You were also each others’ firsts. A lifetime is a long time to live without ever experiencing other people, especially for the male of the species who is programmed to seek *new*.  That’s not to say it can’t work out.  Just be conscious that you have some big obstacles to overcome.

Post # 39
Member
171 posts
Blushing bee
  • Wedding: August 2020

He is so young. You still are, too. Yay! That said, you two seem happy and as long as you abide by your timeline, you won’t end up -totally- screwed should something go amiss. I say this as someone who spent 70% of her 20’s with the wrong person – buying TVs, getting a dog, and even getting engaged. Just know that many people change immensely in that decade.
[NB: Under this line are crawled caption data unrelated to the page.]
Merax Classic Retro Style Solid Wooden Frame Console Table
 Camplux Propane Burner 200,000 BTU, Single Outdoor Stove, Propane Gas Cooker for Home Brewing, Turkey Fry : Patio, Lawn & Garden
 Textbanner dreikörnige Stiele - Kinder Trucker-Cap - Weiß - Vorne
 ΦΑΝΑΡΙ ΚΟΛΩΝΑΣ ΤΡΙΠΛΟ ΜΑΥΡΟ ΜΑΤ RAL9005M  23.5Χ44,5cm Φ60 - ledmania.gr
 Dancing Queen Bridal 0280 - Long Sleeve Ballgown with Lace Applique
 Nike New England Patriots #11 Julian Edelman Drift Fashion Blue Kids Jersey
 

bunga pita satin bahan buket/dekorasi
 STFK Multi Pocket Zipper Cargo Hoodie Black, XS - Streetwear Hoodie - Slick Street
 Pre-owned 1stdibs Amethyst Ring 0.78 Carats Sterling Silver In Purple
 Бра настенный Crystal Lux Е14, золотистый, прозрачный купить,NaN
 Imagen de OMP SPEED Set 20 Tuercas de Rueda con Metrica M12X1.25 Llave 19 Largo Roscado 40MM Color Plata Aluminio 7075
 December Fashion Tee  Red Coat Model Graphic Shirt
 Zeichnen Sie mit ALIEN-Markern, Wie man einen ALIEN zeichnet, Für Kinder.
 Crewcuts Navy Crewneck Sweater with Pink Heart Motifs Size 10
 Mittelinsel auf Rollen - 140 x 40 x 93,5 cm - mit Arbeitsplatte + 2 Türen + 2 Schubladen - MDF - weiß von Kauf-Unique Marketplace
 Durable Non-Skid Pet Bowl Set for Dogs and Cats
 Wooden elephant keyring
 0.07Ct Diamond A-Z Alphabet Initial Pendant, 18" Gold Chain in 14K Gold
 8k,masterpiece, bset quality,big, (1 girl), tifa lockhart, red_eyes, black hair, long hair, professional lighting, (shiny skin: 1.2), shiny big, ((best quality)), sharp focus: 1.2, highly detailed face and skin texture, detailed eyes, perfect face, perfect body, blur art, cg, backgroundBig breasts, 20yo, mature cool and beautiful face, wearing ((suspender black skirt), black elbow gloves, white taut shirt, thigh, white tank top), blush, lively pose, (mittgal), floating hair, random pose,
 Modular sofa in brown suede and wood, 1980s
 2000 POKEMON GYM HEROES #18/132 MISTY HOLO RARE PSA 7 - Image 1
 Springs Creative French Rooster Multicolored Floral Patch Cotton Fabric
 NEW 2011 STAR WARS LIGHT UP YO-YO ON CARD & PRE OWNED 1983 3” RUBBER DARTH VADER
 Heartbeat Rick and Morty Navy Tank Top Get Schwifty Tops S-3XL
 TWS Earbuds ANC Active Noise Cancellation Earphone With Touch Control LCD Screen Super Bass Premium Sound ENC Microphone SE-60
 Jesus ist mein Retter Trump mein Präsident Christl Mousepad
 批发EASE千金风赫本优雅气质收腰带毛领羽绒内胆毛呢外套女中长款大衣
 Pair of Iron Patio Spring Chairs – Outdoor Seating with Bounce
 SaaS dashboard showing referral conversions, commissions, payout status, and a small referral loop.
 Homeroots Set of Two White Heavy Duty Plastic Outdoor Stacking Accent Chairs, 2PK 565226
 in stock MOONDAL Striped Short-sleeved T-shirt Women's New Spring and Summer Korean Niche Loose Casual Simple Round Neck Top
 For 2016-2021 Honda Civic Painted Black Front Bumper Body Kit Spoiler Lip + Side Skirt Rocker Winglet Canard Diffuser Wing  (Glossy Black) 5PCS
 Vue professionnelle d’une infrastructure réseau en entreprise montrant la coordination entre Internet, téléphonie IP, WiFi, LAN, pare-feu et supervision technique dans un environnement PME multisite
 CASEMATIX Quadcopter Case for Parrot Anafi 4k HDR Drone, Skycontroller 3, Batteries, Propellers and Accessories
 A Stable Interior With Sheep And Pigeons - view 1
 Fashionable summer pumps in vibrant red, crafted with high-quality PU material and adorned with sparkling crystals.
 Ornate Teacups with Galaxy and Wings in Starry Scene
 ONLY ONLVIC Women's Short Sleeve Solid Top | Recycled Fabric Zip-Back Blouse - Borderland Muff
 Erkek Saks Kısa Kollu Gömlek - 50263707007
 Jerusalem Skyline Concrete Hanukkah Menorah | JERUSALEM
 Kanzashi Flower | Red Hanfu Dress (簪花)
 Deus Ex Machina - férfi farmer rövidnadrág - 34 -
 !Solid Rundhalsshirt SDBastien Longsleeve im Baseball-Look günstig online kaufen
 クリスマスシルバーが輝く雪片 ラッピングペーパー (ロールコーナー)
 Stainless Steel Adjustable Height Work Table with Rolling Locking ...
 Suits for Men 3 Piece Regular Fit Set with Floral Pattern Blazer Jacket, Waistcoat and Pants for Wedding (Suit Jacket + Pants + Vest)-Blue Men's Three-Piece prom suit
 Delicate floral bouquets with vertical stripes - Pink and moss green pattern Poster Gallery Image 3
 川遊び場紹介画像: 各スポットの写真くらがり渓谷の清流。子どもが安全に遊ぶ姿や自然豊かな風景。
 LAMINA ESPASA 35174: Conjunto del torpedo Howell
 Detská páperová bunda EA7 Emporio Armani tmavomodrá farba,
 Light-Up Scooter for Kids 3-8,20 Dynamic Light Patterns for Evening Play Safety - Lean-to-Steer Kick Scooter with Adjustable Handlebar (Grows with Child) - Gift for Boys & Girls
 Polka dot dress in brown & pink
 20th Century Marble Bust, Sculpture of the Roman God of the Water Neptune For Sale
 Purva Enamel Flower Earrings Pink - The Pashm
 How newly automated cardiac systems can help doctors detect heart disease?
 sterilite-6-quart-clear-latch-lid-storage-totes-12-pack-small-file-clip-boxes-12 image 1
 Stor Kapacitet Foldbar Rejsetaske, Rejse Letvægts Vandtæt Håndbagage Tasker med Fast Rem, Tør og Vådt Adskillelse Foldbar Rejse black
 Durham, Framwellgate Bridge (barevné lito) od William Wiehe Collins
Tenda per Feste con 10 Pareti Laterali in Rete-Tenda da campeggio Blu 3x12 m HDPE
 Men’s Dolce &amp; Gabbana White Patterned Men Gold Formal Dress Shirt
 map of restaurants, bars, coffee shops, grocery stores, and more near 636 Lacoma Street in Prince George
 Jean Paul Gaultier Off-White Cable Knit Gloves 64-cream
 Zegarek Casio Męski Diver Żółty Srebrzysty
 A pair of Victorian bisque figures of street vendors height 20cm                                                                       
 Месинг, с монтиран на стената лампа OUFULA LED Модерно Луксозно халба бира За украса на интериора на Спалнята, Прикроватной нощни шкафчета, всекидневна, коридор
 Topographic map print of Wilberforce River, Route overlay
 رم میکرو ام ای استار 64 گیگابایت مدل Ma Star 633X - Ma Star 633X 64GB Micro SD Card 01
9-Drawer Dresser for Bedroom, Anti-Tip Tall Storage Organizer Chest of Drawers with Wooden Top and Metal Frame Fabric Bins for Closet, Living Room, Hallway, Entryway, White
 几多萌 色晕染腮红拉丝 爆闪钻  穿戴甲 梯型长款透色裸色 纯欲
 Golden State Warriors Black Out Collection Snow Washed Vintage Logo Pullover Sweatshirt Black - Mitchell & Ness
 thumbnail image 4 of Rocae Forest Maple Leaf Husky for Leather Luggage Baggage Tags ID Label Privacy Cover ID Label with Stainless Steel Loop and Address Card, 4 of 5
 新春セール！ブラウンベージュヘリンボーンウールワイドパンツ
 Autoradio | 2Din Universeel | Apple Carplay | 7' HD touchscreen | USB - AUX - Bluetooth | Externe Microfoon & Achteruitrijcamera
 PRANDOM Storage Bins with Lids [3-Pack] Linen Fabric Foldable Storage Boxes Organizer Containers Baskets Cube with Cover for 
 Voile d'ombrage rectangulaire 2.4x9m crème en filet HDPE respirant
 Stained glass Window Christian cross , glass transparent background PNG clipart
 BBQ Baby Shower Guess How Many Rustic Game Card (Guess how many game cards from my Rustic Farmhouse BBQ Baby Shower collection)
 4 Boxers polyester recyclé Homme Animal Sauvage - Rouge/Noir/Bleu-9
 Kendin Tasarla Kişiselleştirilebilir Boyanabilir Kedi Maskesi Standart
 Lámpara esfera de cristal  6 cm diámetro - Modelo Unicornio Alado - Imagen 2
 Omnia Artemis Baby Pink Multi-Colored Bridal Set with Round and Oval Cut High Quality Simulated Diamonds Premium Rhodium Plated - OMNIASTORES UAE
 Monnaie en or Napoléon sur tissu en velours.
I’m so happy that we didn’t commit early on, even though we had all the talks and whatnot. It all led me to where I am today, which is a blessing! 

I say just continue your relationship as it is and forget about committing for now. See how you two grow.

Post # 40
Member
725 posts
Busy bee
  • Wedding: October 2020

I’ll be blunt.

You’re clearly here for validation rather than constructive advice. Your responses make that crystal clear. 

23 is young. 25 is young. People change in their 20’s. You’re each others firsts. Your head is in the clouds. Your bf is giving you a very general timeline, but you’re acting as if he’s promising to marry you after a certain number of years. You’re looking for every detail under the sun to confirm why he’s the one and done.

For him to say a proposal that may or may not come in the far future is a “surprise” is both asinine and immature. He doesn’t get to unilaterally dictate your own future. 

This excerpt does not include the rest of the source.